Data section
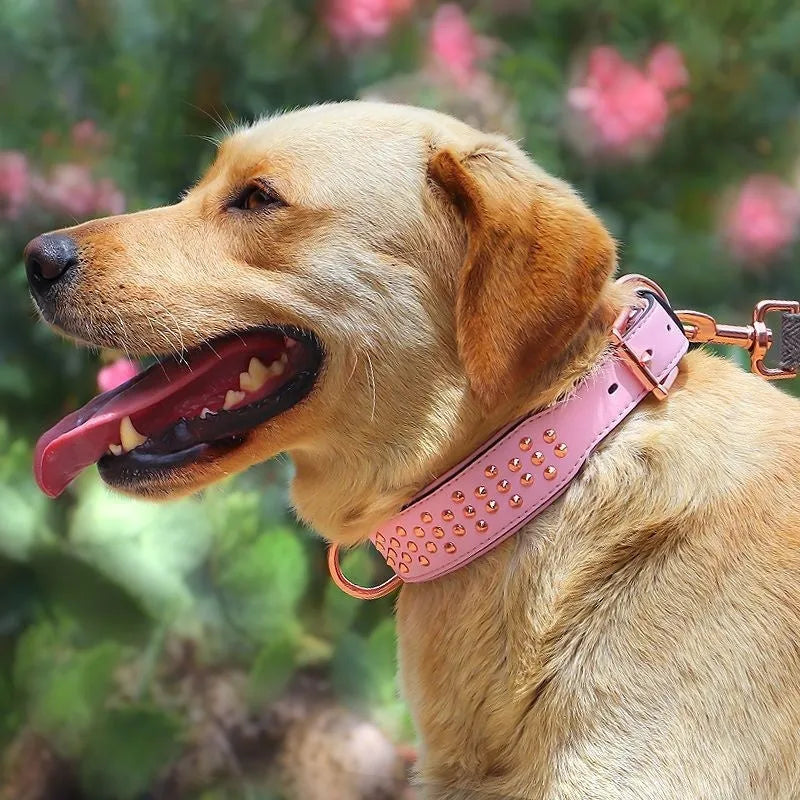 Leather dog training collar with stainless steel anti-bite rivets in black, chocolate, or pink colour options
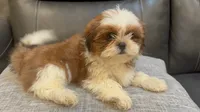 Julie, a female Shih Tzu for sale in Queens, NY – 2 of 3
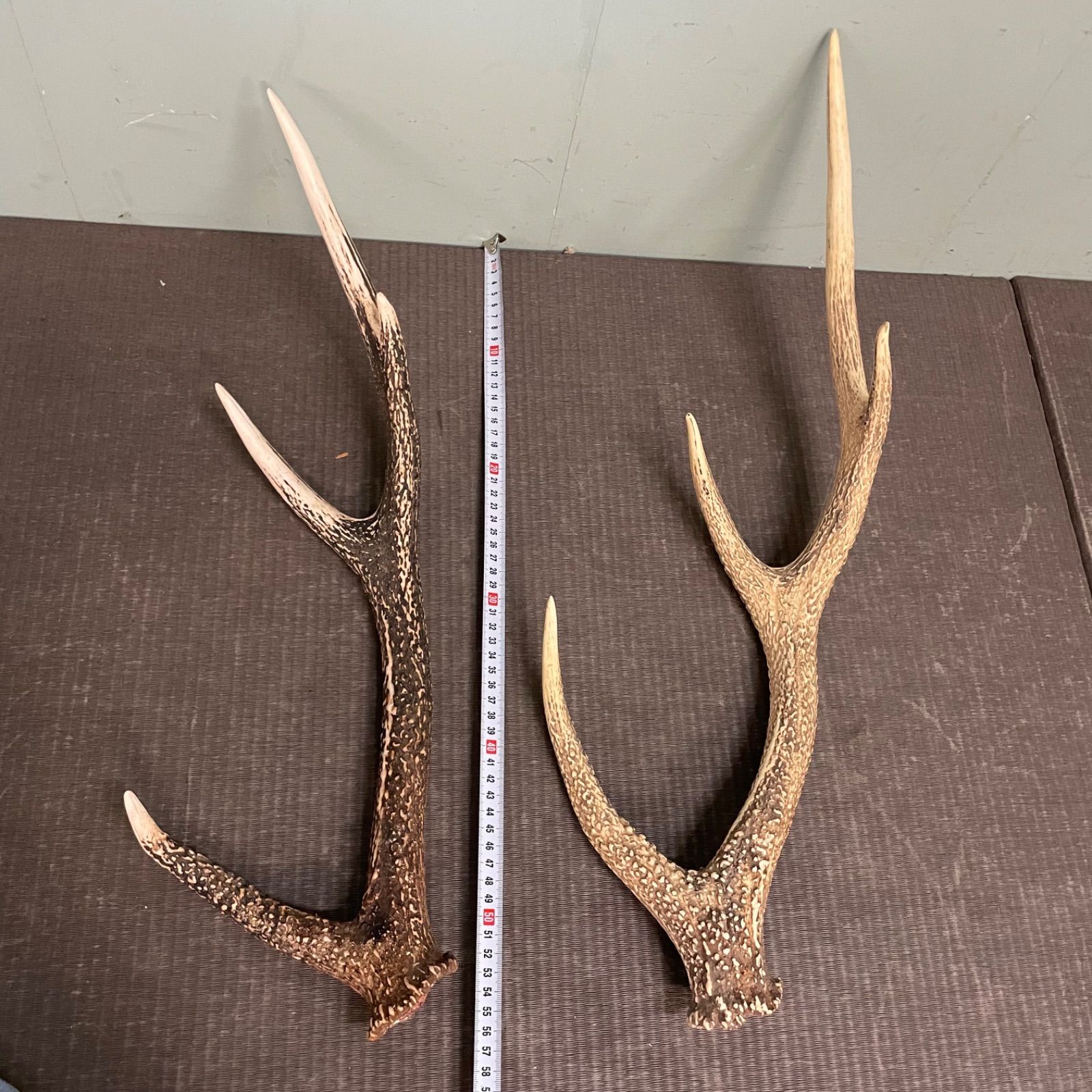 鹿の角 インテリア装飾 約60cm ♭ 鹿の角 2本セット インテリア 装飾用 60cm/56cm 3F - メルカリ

...

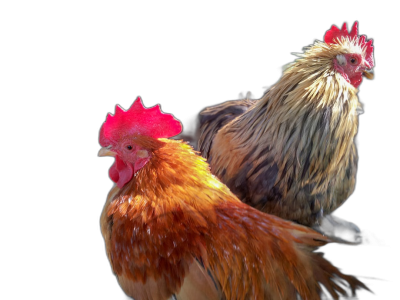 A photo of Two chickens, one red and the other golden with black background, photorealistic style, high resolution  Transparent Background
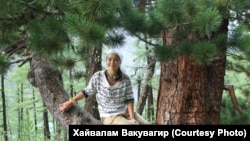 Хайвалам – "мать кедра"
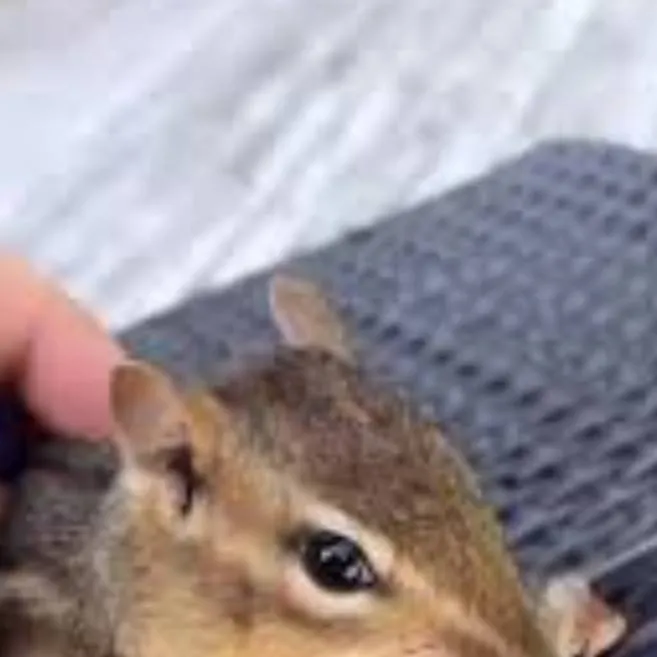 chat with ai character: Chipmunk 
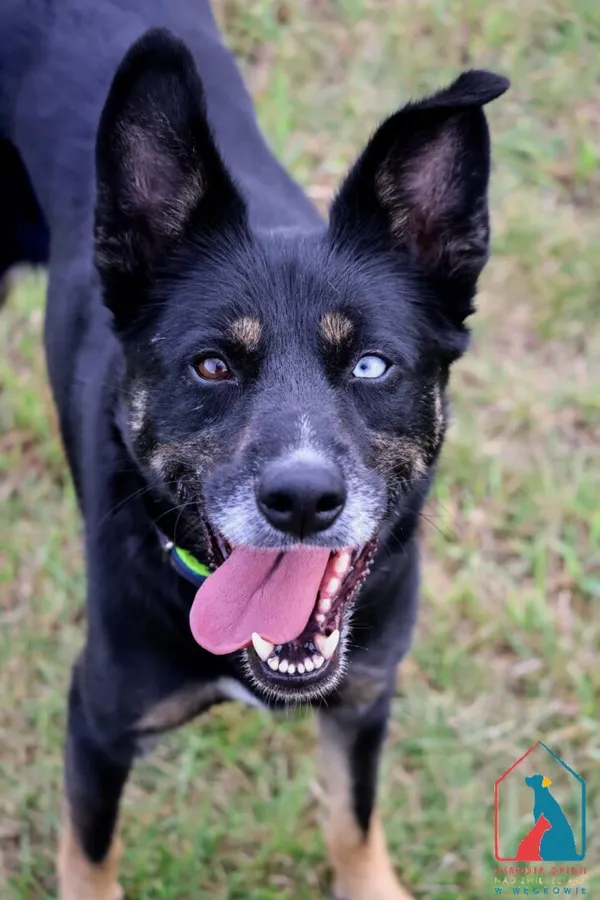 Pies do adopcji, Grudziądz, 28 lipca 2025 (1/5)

* * *

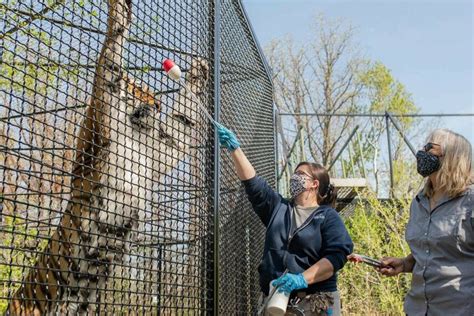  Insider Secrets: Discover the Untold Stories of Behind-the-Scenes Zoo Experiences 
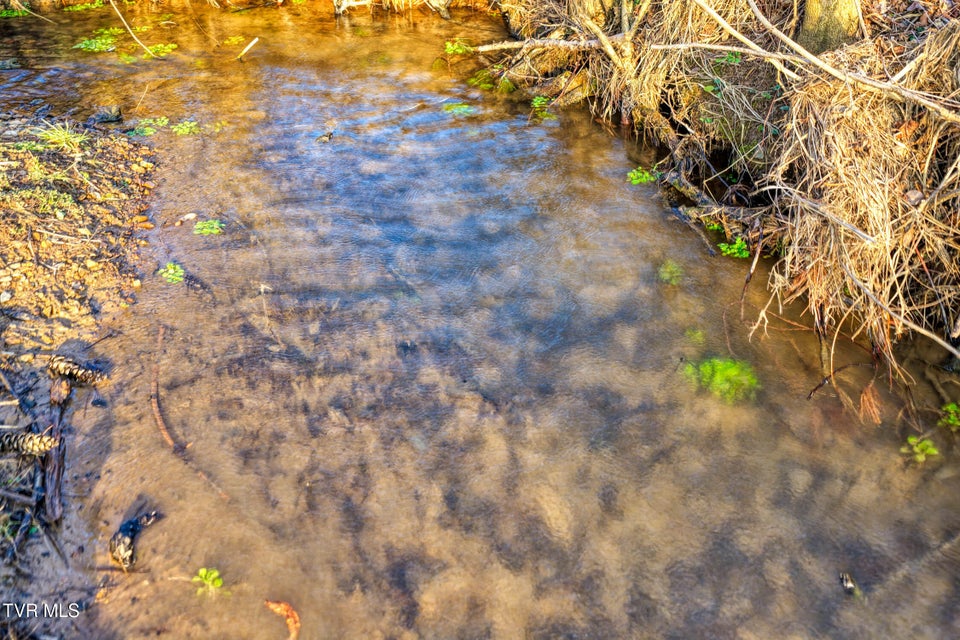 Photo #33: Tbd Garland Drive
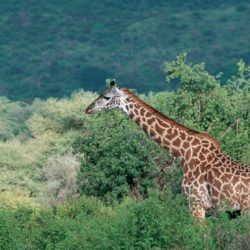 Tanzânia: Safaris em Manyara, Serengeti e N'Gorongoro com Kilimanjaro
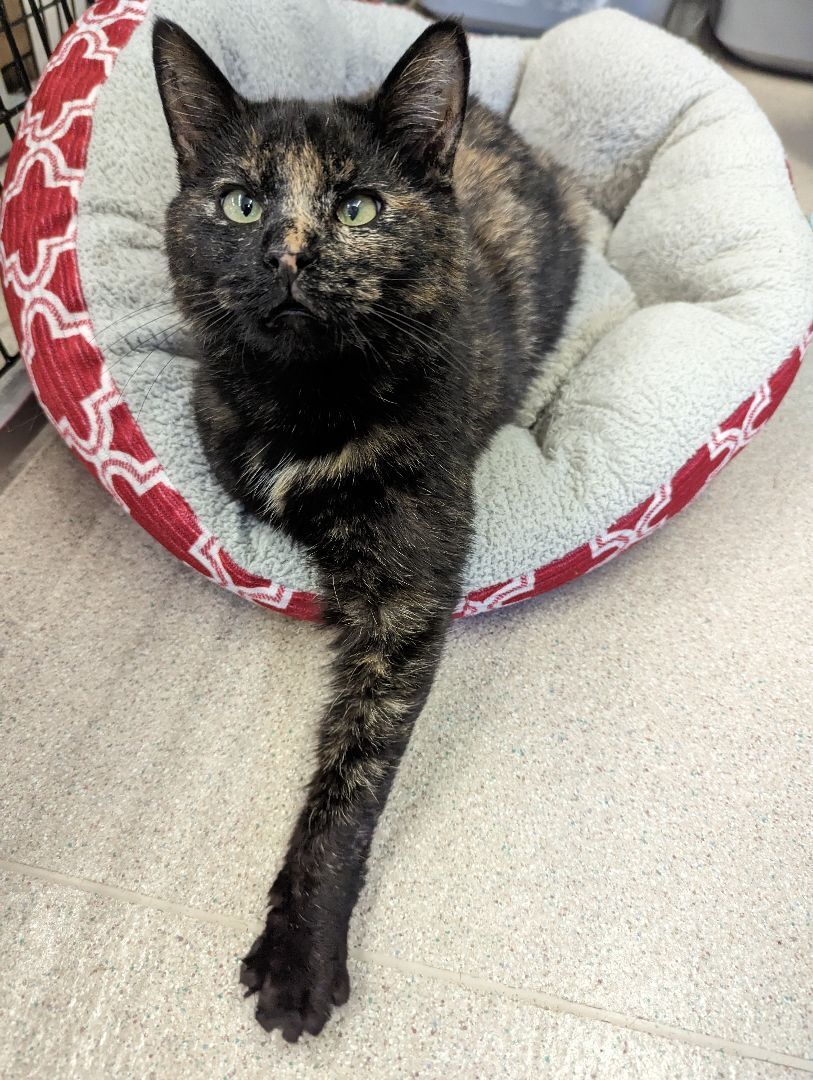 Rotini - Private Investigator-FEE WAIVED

What to work on
Above are the records; copy from them only the lines starting at the one containing "chat with ai character: Chipmunk" and ending at the one containing "Pies do adopcji, Grudziądz, 28", exactly and without pictures.

Answer space
 chat with ai character: Chipmunk 
 Pies do adopcji, Grudziądz, 28 lipca 2025 (1/5)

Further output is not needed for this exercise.